El ‘thriller’ no llega hasta el último tercio de la novela, hasta ese momento carente de acción, sonámbula en la belleza trastocada hasta la náusea de su prosa. La aparición de Rebecca, la nueva directora educativa del reformatorio donde Eileen quema sus días como administrativa, allá por 1964, es análoga a la de una improbable 'femme fatale' que lleva inscrito el peligro en el humo de sus cigarrillos. La relectura que Moshfegh hace de ese arquetipo de la novela negra es a la vez sorprendente y discutible: el crimen que une a ambas mujeres bajo la luz de la justicia poética no pertenece al dominio de las mantis religiosas. Si Eileen es un personaje creíble, a pesar de estar atravesado por la fantasía de sus pútridas ensoñaciones, Rebecca es una incongruencia voluptuosa, y sus actos carecen de la más mínima verosimilitud.

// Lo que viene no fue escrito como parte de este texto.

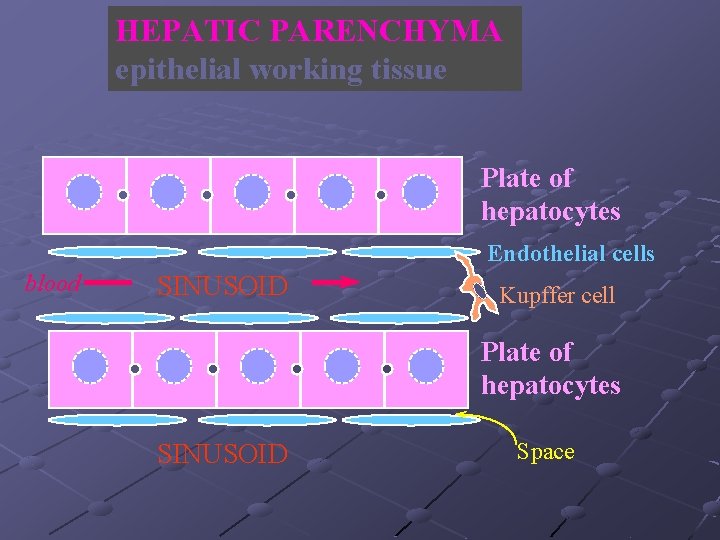 HEPATIC PARENCHYMA epithelial working tissue Plate of hepatocytes Endothelial cells blood SINUSOID Kupffer cell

Tal vez es el modo en que Moshfegh quiere coronar el deseo de liberación de su protagonista, encarnando la proyección de sus anhelos en una mujer que no tiene nada que ver con ella y le sirve como resorte para atreverse a hacer lo que siempre había imaginado. En teoría, ese tercer acto subvierte las expectativas del lector, y por extensión, las del género que Moshfegh quiere imitar. En la práctica, resulta demasiado brusco para integrarse en el orgánico flujo de la expresión de un yo torturado y torturador.